Эрна Генриховна проворно вскочила с дивана, сдернула с гвоздя полотенце, отправилась в ванную ополоснуть лицо и руки.
Но почти тут же вернулась. Спросила:
— Что это значит?
— Что значит?
— Ты что, выстирал белье?
— А что в этом такого особенного? — отпарировал он. — Я и на рынок успел сбегать, и в булочную, как видишь.
— Вижу, — сказала Эрна Генриховна, усаживаясь за стол и разламывая пополам хрустящий хлебец.
— Тебе чаю налить? — спросил Громов.
— И себе тоже, — сказала она. — Кстати, как мои соседи? Должно быть, изрядно потешались над тобой?
— Пусть их, — ответил Громов. — Если их это хотя бы в какой-то степени веселит, пусть радуются...

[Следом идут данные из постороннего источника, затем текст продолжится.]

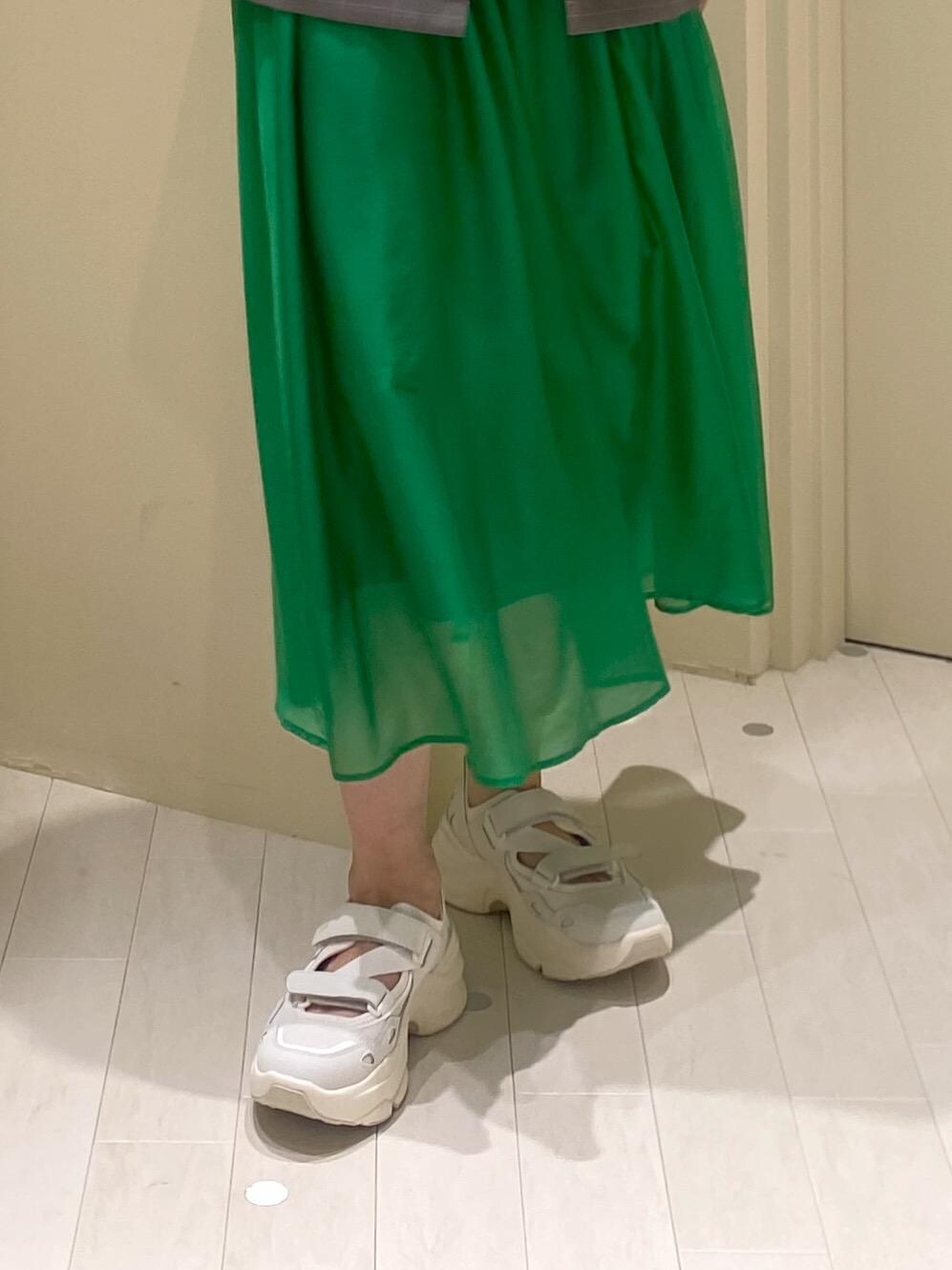 グリーン系のスカート、ホワイト系のTシャツ/カットソー、グレー系のテーラードジャケットを着用したレディースの夏コーディネートの7枚目の写真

«Почему ты такой? — думала Эрна Генриховна, глядя на Громова. — Почему вдруг случился в моей жизни? Добрый, неназойливый, невздорный, даже по-своему красивый, во всяком случае, красивее меня, это уж наверняка».
— А теперь, — сказал он, — поехали в одно место.
— Куда хочешь, — сказала Эрна Генриховна, снова поражаясь собственной покорности.
Они вышли в коридор, и тут же им повстречалась Ирина Петровна. Вежливо пожелала Эрне Генриховне доброго утра, потом сказала, понизив голос:
— По-моему, он у вас настоящее сокровище!
— Неужели? — суховато спросила Эрна Генриховна.
— Еще бы! Чтобы мужчина умел так стирать, так выжимать белье, это просто чудо! Вы не находите?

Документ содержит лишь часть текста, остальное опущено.